• THE TASK:
Nothing but an exact repeat of the data, with pictures removed, belongs in the answer.

• DATA SECTION:
= Beginning of Section =
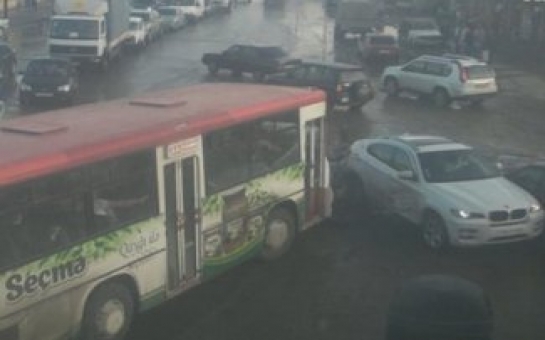 В Баку автобус протаранил Mercedes и BMW X-6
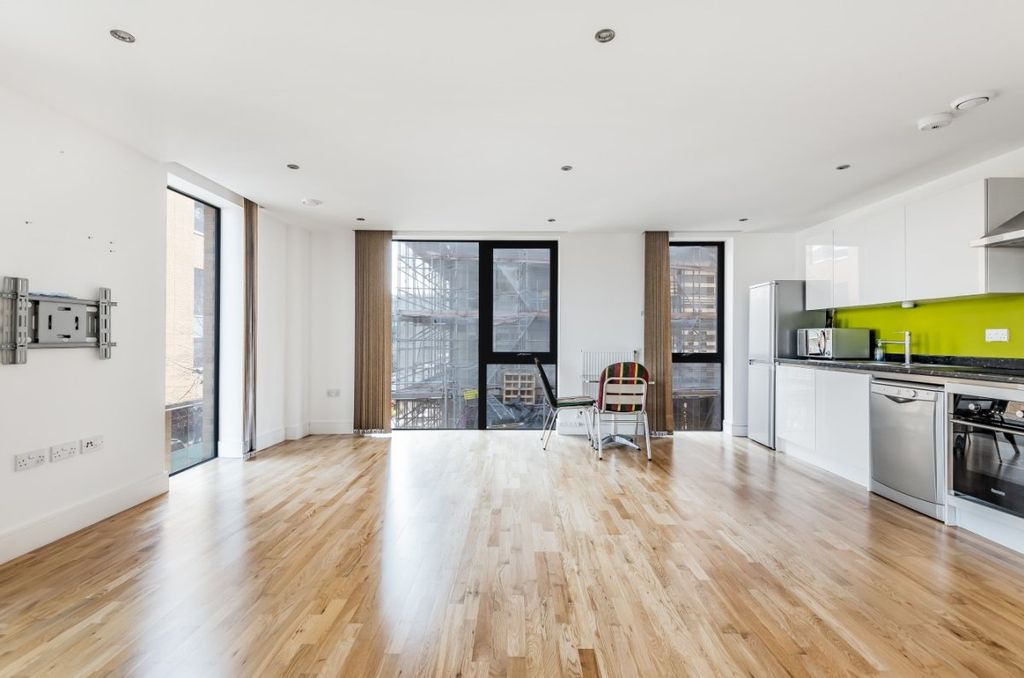 Property photo 3 of 18 828699 (3)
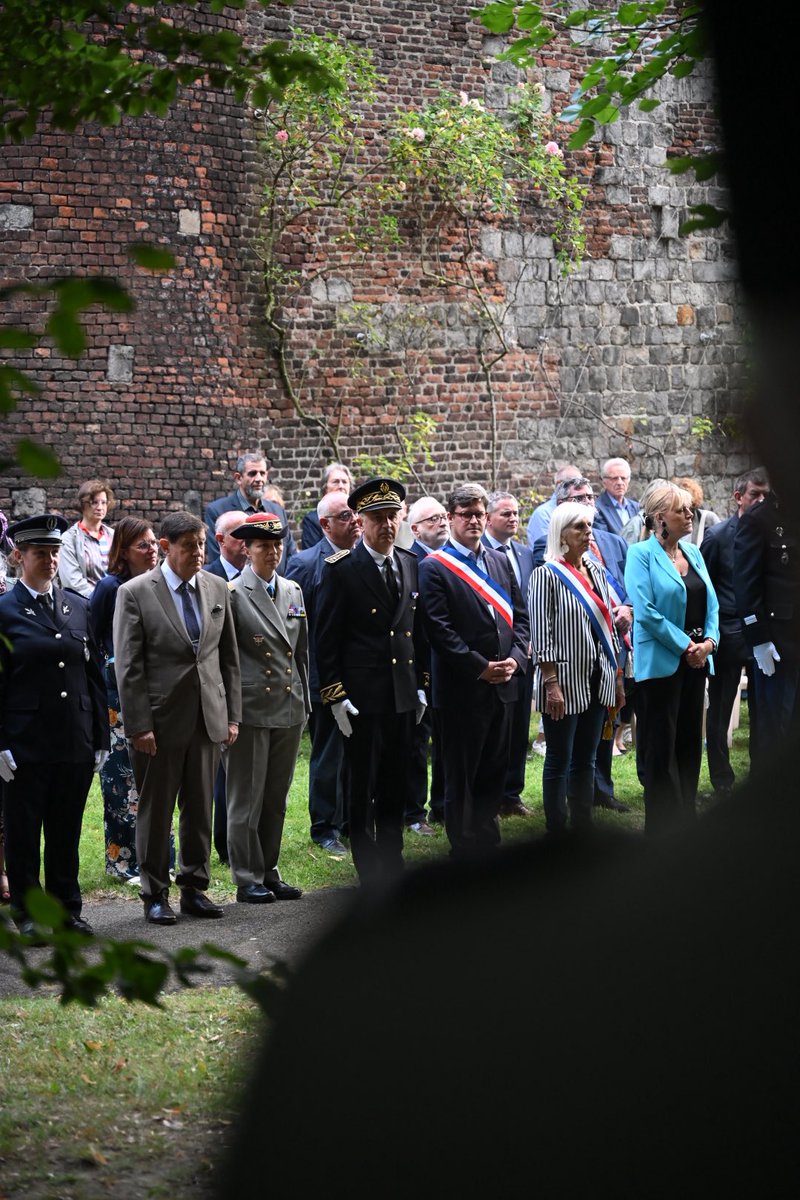 Les 16 et 17 juillet 1942, plus de 13 000 Juifs ont été arrêtés par la police française, avant d’être déportés.

Ce matin à Lille, nous avons rendu hommage aux victimes de ces crimes, et salué les Justes de France, qui ont fait le choix du courage.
= End of Section =
• REPLY:
 В Баку автобус протаранил Mercedes и BMW X-6
 Property photo 3 of 18 828699 (3)
 Les 16 et 17 juillet 1942, plus de 13 000 Juifs ont été arrêtés par la police française, avant d’être déportés.

Ce matin à Lille, nous avons rendu hommage aux victimes de ces crimes, et salué les Justes de France, qui ont fait le choix du courage.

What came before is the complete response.